2. L’aérodrome de Blois le Breuil

2.1 Encore un peu d’histoire...

L’aérodrome de Blois le Breuil fut créé en 1938 par l’Armée de l’Air. Au début, seule une piste en herbe existait, l’actuelle 03/21. Nous savons pour l’instant peu de choses de la période de la seconde guerre mondiale. De nombreux vestiges de cette époque subsistent et indiquent une activité soutenue. L’aérodrome fut utilisé en Juin 1940 quelques jours par le Groupe 2/33 de reconnaissance. Nous savons qu’Antoine de Saint-Exupéry y fit un court séjour. Dans « Pilote de Guerre » il évoque d’ailleurs ses vols au-dessus de la Beauce.

L’aérodrome tomba ensuite aux mains de la Luftwaffe qui l’utilisa comme aérodrome auxiliaire pour des vols de reconnaissance et des vols météo en direction de l’Angleterre. A cette époque, la ferme de Villeroux servit de quartiers ou de poste de commandement, de nombreux baraquements furent construits, ainsi qu’un hangar demi-ballon muni d’une charpente en bois tout à fait remarquable. Il rendit ensuite encore de nombreux services et s’est malheureusement effrondré dans les années 80.

En 1944 d’abord les américains puis l’Armée de l’Air française prirent possession de l’aérodrome pour quelques temps. Longtemps encore la partie sud de l’aérodrome, où se trouve la ferme de Villeroux, resta propriété militaire, ce qui ne fut pas sans poser des problèmes quant à l’entretien des bâtiments. Des recherches sont en cours pour retrouver trace de cette période des débuts de l’aérodrome. Les archives disséminées ici et là n’ont pas encore livré tous leurs secrets...

L’activité vol à voile sur l’aérodrome a débuté en 1947 ou 48.

Dans les années 60, l’avenir appartenait à l’Aviation Générale et d’affaires. Les Chambres de Commerce de Blois et de Vendôme investirent dans la construction d’une piste en dur de 800 mètres avec bande en herbe parallèle, l’actuelle 12/30. Un nouveau hangar fut construit, ainsi qu’un restaurant, « Le Concorde », avec bureaux pour l’aéro-club, au bord de la route Blois-Vendôme. L’aéro-club délaissa alors les locaux de la ferme de Villeroux pour s’installer dans ses nouveaux et modernes quartiers. Dans les années 80, la piste en dur fut rallongée à 1.250 mètres, un balisage de nuit installé et une balise VOR mise en service. La crise de l’Aviation Générale et la concurrence de l’autoroute et du TGV n’ont malheureusement pas permis à ces nouveaux investissements de porter les fruits escomptés quant à l’augmentation du trafic. Il n’en reste pas moins que Blois Le Breuil est l’aérodrome le plus important et le mieux aménagé du Loir et Cher et certainement mérite les efforts entrepris pour le mener au niveau d’une reconnaissance internationale qui vient de lui être accordée en vertu des accords de Schengen.

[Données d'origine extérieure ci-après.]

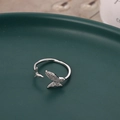 Sparkling butterfly silver ring with zircon inlay and adjustable open band design - Silver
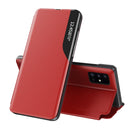 For Samsung Galaxy A02s (EU Version) Side Display Shockproof Horizontal Flip Leather Case with Holder(Red)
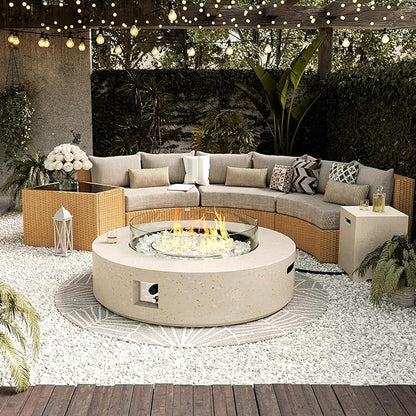 UPHA 42-inch Outdoor Propane Gas Fire Pit Table 50000 BTU Concrete Rectangle FirePit for Outside Patio with Propane Tank Cover, Wind Guad, White Glass Rocks, Rain Cover,Beige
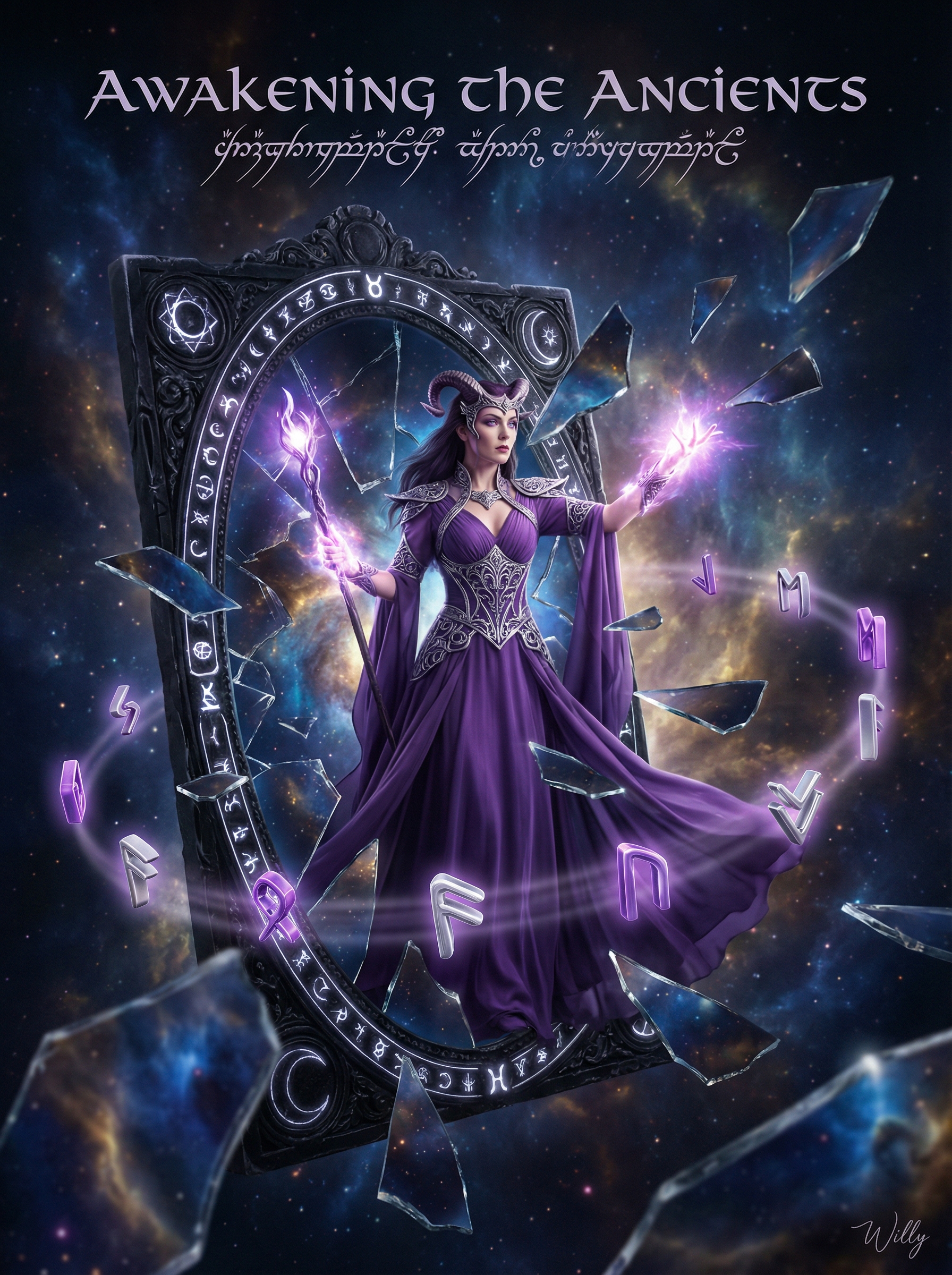 神秘女巫从裂纹黑曜石镜中浮现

A l’heure actuelle, le trafic est en grande partie assuré par l’Air-Club Blois-Vendôme et des mouvements d’avions d’affaire. En été, le tourisme aérien est également très développé et les visiteurs étrangers y sont nombreux.

Une très grande plate-forme, un trafic modéré, des approches bien dégagées : Des conditions idéales pour le développement de l’activité vol à voile. Deux fois déjà les championnats de France de vol à voile y ont étés organisés. La gestion d’une centaine de planeurs sur le terrain, ainsi que de toutes les équipes, les remorqueurs et le camping n’a pas posé de problème particuliers ni de cohabitation, ni de circulation aérienne.

 

2.2. L’environnement aéronautique

L’aérodrome est situé à mi-chemin entre les villes de Blois et de Vendôme et entre deux fleuves : La Loire au sud et le Loir au nord. Il est aisément identifiable, sauf lors d’arrivées basses le soir en provenance de l’est, lorsqu’on a le soleil dans les yeux.

A 50 km au nord-est se trouve l’aérodrome militaire d’Orléans-Bricy, où est stationnée l’ensemble de la capacité de transport de l’Armée de l’Air française (Transalls et C-130 Hercules). Une zone réservée composée d'espaces D l’entoure (voir carte OACI au 1/500.000), pénétrable avec contact radio. Elle n’est que très peu génante lors des vols sur la campagne.

40 km au nord se trouve un autre aérodrome militaire : La base de Chateaudun dont l’activité est très réduite. Cette base sert d’unité de stockage pour les avions de l’Armée de l’Air qui sont retirés du service actif. La gestion de cet espace aérien de classe D est assurée par le contrôle d'approche d'Orléans Bricy. La traversée vers ou depuis le nord (Chartres) est possible en suivant l'un des deux itinéraires autorisés, en contact radio avec Orléans-Bricy. Encore plus au nord (100 km de Blois) commence l’espace aérien lié aux aéroports de Paris, Charles de Gaulle et Orly. Le survol de la ville de Chartres n’est possible qu’au dessous de 5000 pieds.

50 km à l’ouest de Blois est situé l’aérodrome de Tours, mi-civil, mi-militaire sur lequel sont basés des Alpha-jets. L’espace aérien associé n’est qu’exceptionnellement pénétrable par les planeurs.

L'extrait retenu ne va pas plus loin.